The free discord tier is better than the free slack tier. That’s honestly why 90% of ppl use discord over slack.

Also paid discord is 100x cheaper than paid slack, for non-corporate entities. You can get top tier discord for like $100/m while slack price goes up with each user. Not to mention that discord allows users to easily assist in upgrading your server while slack doesn’t have that functionality at all.


They also pivoted their marketing message away from being "for gamers" and towards anyone who wanted "a place to hang out," like developer groups or high schoolers.


Discord’s pushing for school groups to use it, especially with the .edu pop up on launch

Discord School Hubs page: https://support.discord.com/hc/en-us/articles/4406046651927-...

https://www.reddit.com/r/discordapp/comments/p37s7s/so_disco...


Kinda makes perfect sense, Discord is very good addition to subreddit or Facebook group. And barrier of entry is low, just like those two.

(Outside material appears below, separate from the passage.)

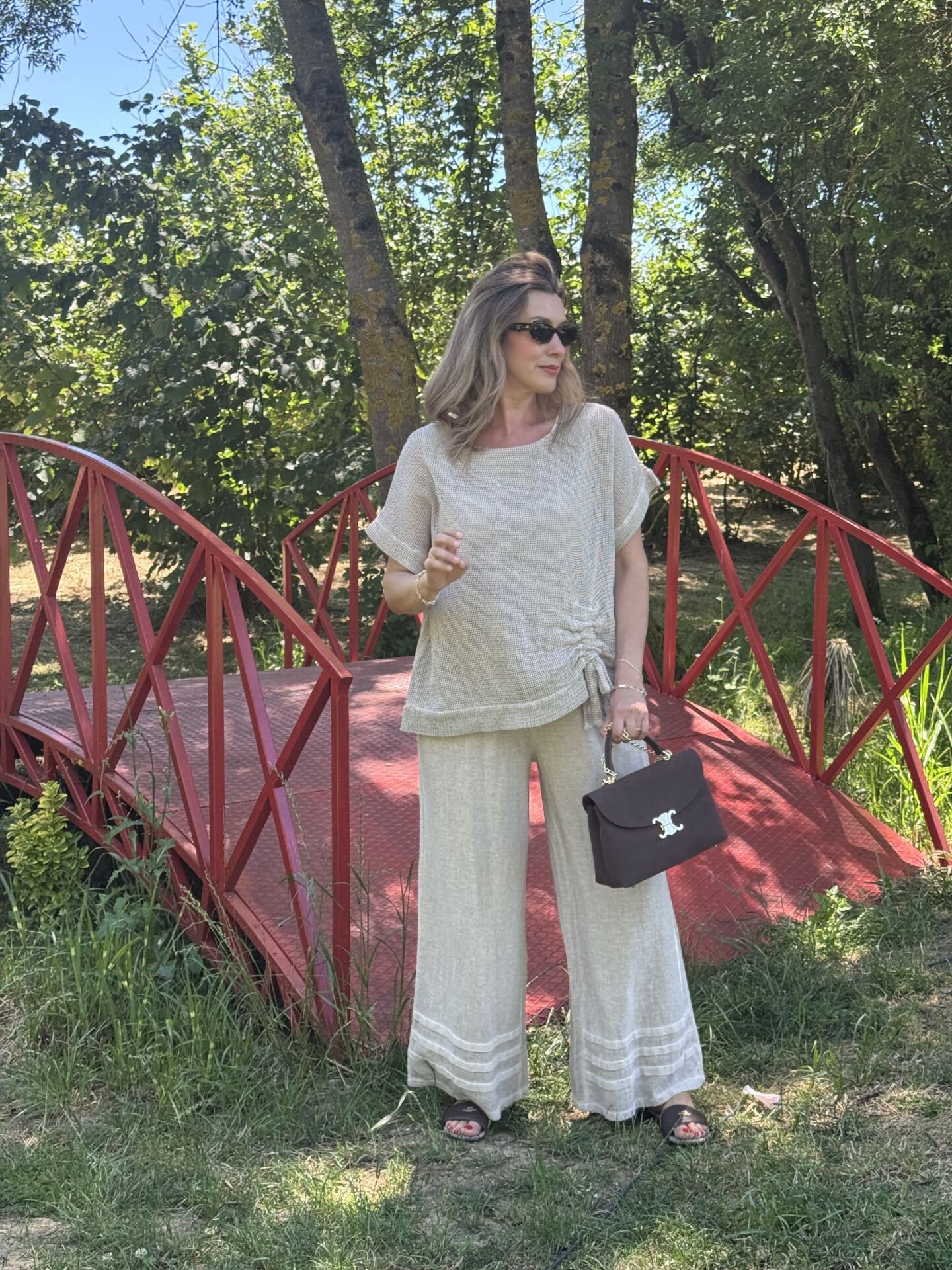 İTHAL FİLE DETAYLI PAMUK KETEN KISA KOLLU TAKIM 0901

It fills a niche for audio and chat of large communities.


It's the TikTok effect.


Discord hasn't gotten bloated yet the way Slack has, which makes it much more pleasant when all you actually want to do is chat and maybe hang out on voice and sometimes with a screen broadcast.

Once you're in an enterprise space, Slack's features become actually useful.


> it was clear that Discord was for gamers and Slack was for work

One of the best hammers I own is a screwdriver.


Well, slack is extremely expensive IMO, so I'm not surprised


Yeah I always thought Slack is explicitly intended for Real Work and not much else (pay per user!), so it's pretty natural that Discord took over.